The pouch he freed from his belt was of old, weathered doeskin with a drawstring of plaited linen, dyed a deep blood red. Stilted, side-on figures painted in blue and yellow ink processed across it. Some were recognizably human, most
were not. “Alexandrian,” said Xenophon. He prised the neck open as he might the mouth of a patient. “The pharaohs, too, knew what it was to lose their way home and have to find it again in the dark.” He drew out two twists of vine leaf, each tied with the same red linen thread as formed the drawstring. Opened, they contained a fine-ground powder, as much as would fit in the hollow of a cupped palm.

He held one out with great care, away from the draught of his breathing. “Each of these contains a mix of belladonna, poppy and aconitum. The one weakens the heart, the second, as you know, numbs mind and body to pain and the third brings slow paralysis to the legs. If you cannot take weight on your legs, the pressure on the arms and so the heart is greater and, with the belladonna, death comes more swiftly. The poppy, if dosed right, befuddles the soul, carrying it out of the body. There is not enough of any to cause outright death—I cannot do that unless I wish to join you in death and my admiration for your minds and hearts does not extend that far—but it is the closest I can reach. The poppy will take effect soon. The others will be slower, but you will be in the company of your gods by nightfall, I swear it.”

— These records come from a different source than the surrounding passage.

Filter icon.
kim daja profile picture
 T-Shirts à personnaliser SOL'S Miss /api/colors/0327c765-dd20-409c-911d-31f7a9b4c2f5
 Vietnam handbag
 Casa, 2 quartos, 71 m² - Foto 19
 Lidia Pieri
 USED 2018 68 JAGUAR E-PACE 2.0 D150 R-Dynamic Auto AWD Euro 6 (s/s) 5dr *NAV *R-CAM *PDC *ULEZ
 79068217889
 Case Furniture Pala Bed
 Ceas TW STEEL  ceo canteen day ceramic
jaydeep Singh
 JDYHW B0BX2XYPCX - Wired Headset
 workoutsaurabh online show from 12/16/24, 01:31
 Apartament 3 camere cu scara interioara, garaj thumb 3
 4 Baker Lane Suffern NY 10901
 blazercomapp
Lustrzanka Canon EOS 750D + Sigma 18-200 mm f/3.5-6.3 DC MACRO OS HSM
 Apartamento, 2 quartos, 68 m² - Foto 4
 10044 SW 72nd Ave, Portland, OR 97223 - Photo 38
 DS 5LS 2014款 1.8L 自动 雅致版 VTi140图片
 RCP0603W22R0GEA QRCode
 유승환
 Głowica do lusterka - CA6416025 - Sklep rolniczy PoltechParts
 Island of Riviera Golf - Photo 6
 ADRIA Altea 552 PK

It was a gift beyond price—and not one they could accept in good conscience. Dubornos felt his mouth grow dry. “Xenophon, this is too much. We’re in your debt for your care of us this past half-month. You must not put yourself in this danger.”

The old man laid his treasures on the pallet and leaned back on a wall, his arms folded across his chest.

“The danger is in my being here. If you take this before they come for you and the vine leaves are secreted under the pallets, away from searching eyes, it will not be any greater.
Take it with my blessing. The flasks contain Batavian ale, which I am assured is to barbarian taste. If you mix the one with the other, the taste will not be any worse than the ale alone.”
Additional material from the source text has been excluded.